Empeñado en abordar temas deportivos, Chalo nos comentó cierto incidente meteorológico ocurrido en Denver, Colorado, y terminó afirmando: “Para la ciencia fue una suerte que Isaac Newton no fuera tico”. Obligado por nuestra protesta, explicó : “Lo de la manzana fue cierto, pero en la historia que nos cuentan faltan un pato silvestre y la luna llena. Newton era no solo muy buen observador, sino también excelente para comprender cualquier complejidad y hoy sabemos que hallándose en la terraza de su mansión ingiriendo té con galletitas, vio que desde un árbol caía una manzana. Luego un criminal cazador deportivo de los que abundan en Inglaterra derribó de un flechazo a un pobre pato que volaba sobre el jardín de Newton y lo convirtió en fricasé antes de que pudiera llegar a la olla. Isaac, quien era muy religioso, elevó la mirada al cielo para pedir perdón para el alma del asesino, se dio cuenta de que en ese momento la luna seguía flotando sobre Gran Bretaña y se dijo: ”

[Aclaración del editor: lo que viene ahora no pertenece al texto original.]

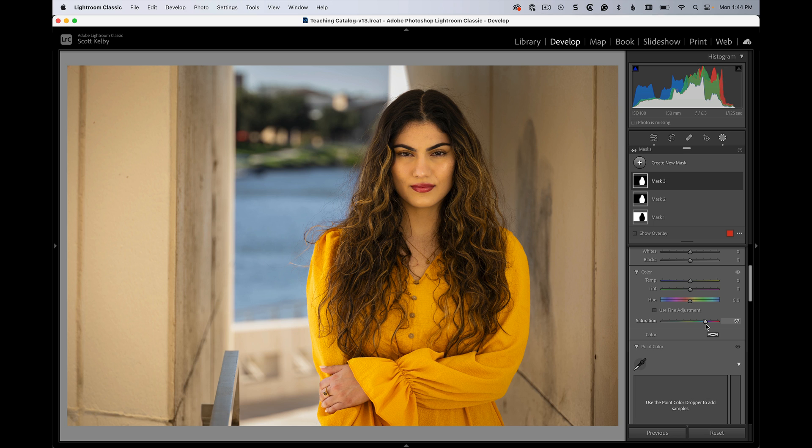So you can see her shirt is getting brighter and her face is getting a little warmer, but it's still using that mathematical algorithm to protect her face from looking like it's sunburned or anything.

“¿Y eso qué tiene que ver con que Newton no fuera tico?”, le reclamamos al detective borracho. “Elemental, mister Watson, de haber sido tico, en vez de dedicarse a deducir la ley de la gravedad les habría solicitado, a la UEFA anular la caída de la manzana y a la FIFA dejar sin efecto la pateada del balde del pato y habría lamentado que no existiera una SUPERFIFA galáctica a la cual pedirle la eliminación de la luna del firmamento británico”.